The Saturday of Labor Day weekend was sublime. Clear blue skies, a gentle breeze and songbirds’ lazy trills provided an exuberant farewell to summer. It was the kind of day that begged for picnics, walks by the river, Frisbee, freeze tag, naps in the grass—the kind of day that should have filled every last park with shrieking kids competing desperately for a turn on the slide.
But Santa Fe’s playgrounds were empty.
Empty, save for a handful of tweens in skater garb at the Railyard Park, a couple making out behind the jungle gym at Villa Linda Park, and the gray-haired man who felt free to use the swings at Larragoite because no child had come within a half-mile of its brand-new playground all day.
Maybe it was too hot. Eighty degrees could hardly be called searing, but shade trees are notably lacking from many Santa Fe jungle gyms and swing sets.

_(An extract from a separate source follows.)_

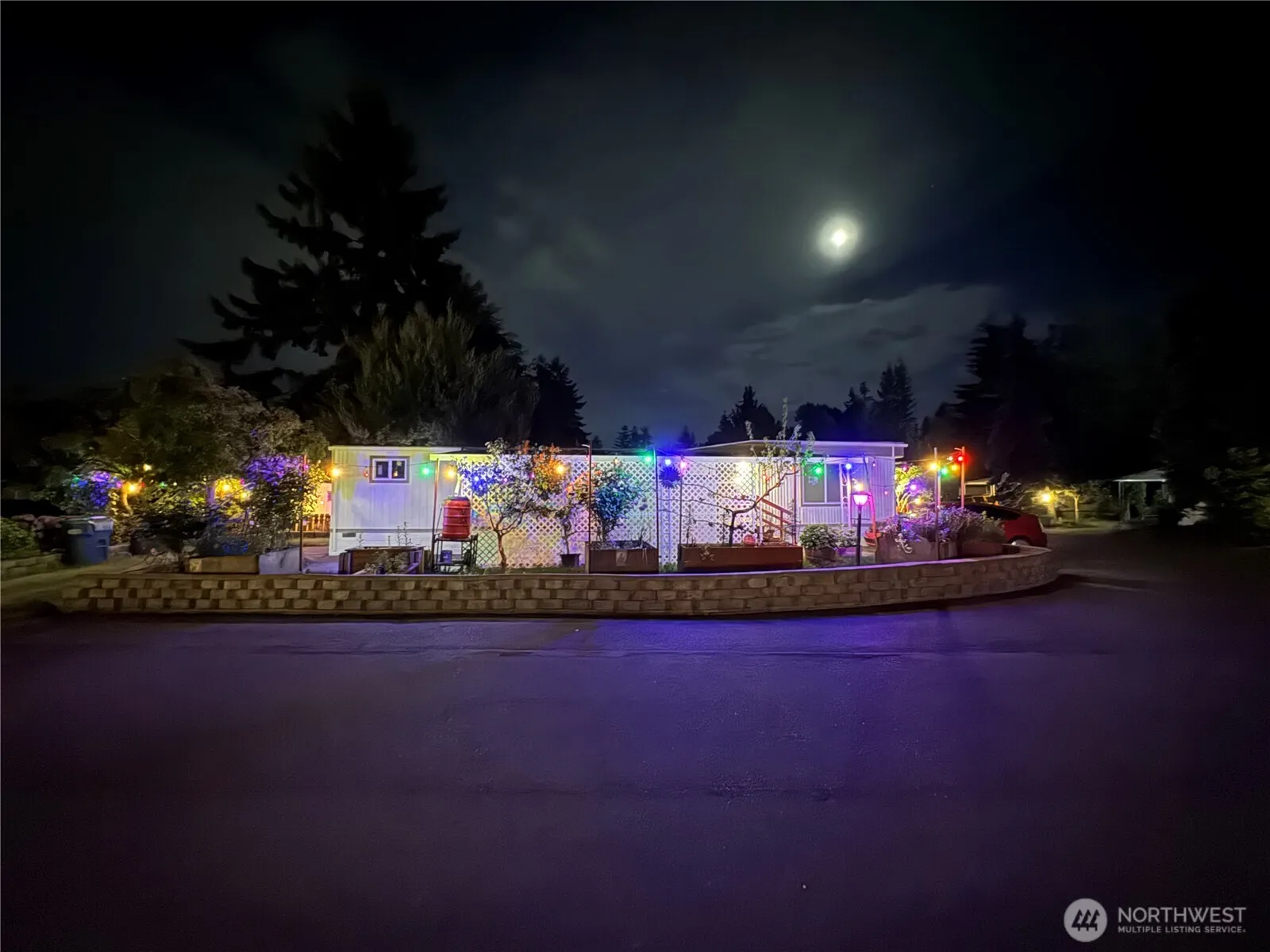 5220 176th Street SW #8, Lynnwood, WA 98037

Maybe they were gone for the weekend—the kids, along with the parents who might encourage them to play outside. Maybe everyone was just plain tired from beginning a new school year.

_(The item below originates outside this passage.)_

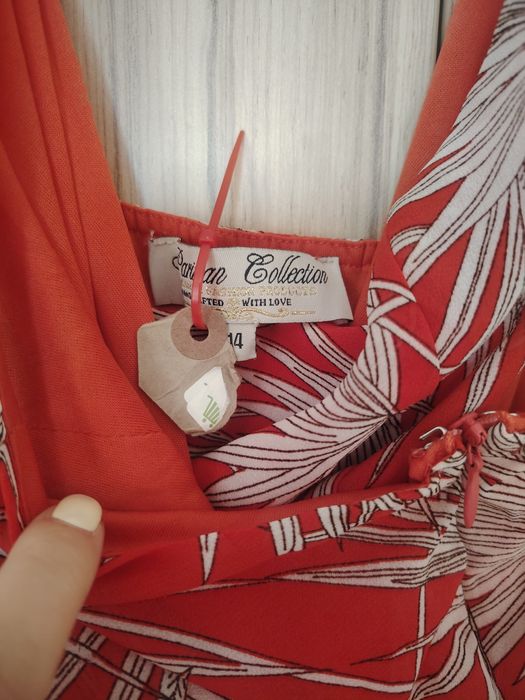 Лятна рокля с кръстосано деколте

But it’s a recession, and sunshine and public parks are two of a very limited number of things that are free.
So why aren’t Santa Feans taking advantage?
Among the playground-going and playground-analyzing crowds, theories abound.

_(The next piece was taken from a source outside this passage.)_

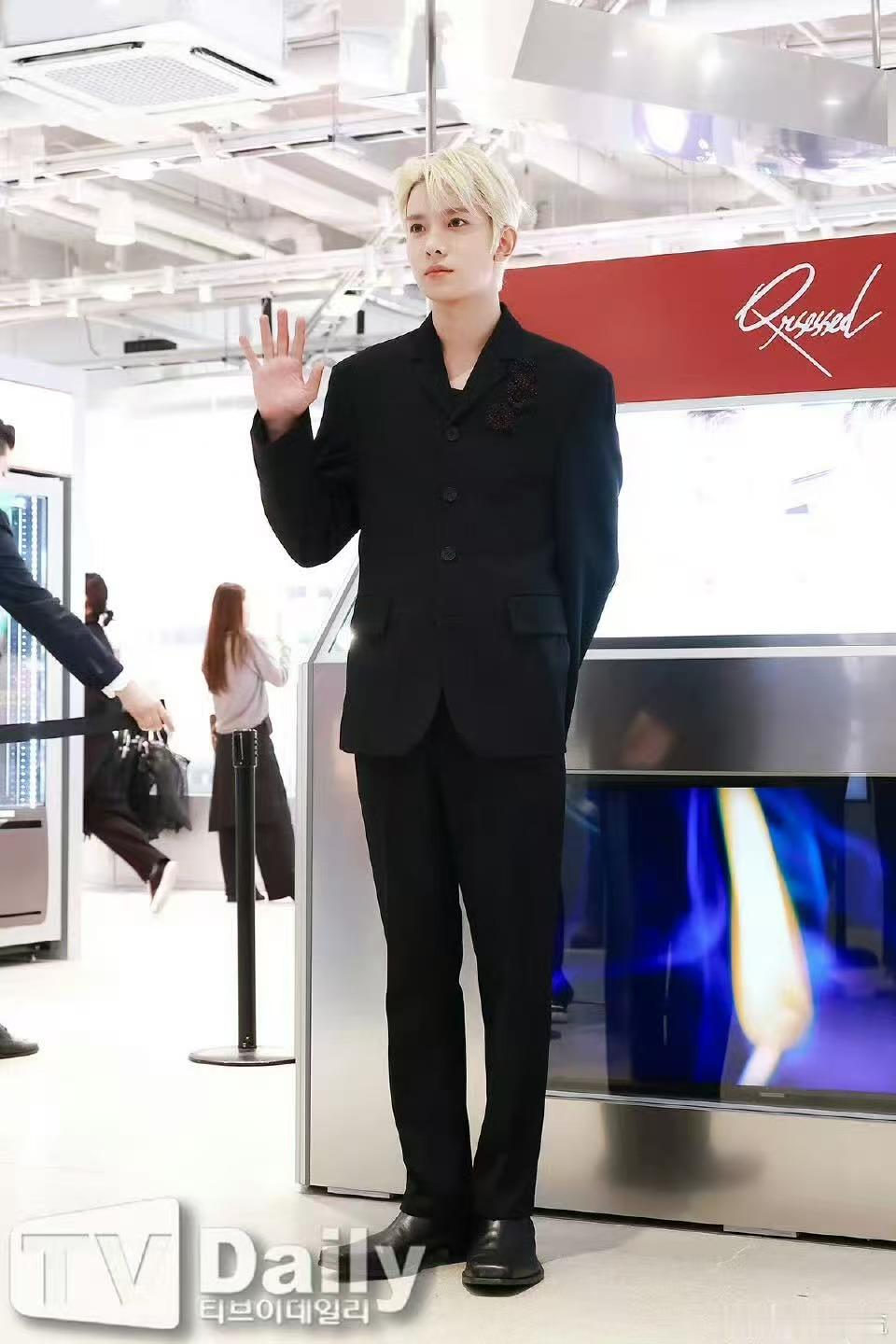 李羲承退团后首次活动李羲承活动状态李羲承退团后首次活动，不错不错，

Corinne Lebrun, the mother of an energetic 5-year-old, Mathias, says not all playgrounds are as welcoming as the one at Alto Park. It’s officially the last weekend of summer, and the joyous shrieks of kids at the outdoor pool fill the air. But the playground isn’t deserted, either; Mathias and his friend Rowan are tearing around the plastic play structure, engrossed in a game of their own creation.
“This is our favorite,” Lebrun says of the Alto Park playground. It’s surrounded by shade trees, has sections of rubbery, soft flooring, and offers plenty of benches for adults to hang out and watch.
Mathias usually chooses this one or Torreon, the small, deeply shaded park just blocks away off of W. Alameda, Lebrun says.
At Torreon, she explains, “there are two playgrounds, and you can ride your bike around them.”
The John F Griego Vietnam Veterans Park, a few blocks away on Paseo de la Conquistadora, is another favorite. It’s less shady, but it does have “a huge metal slide that’s really fast,” plenty of lush grass and a weeping willow that evokes someplace that isn’t a desert.
And the best part?
“There’s hardly ever anybody there,” Lebrun says.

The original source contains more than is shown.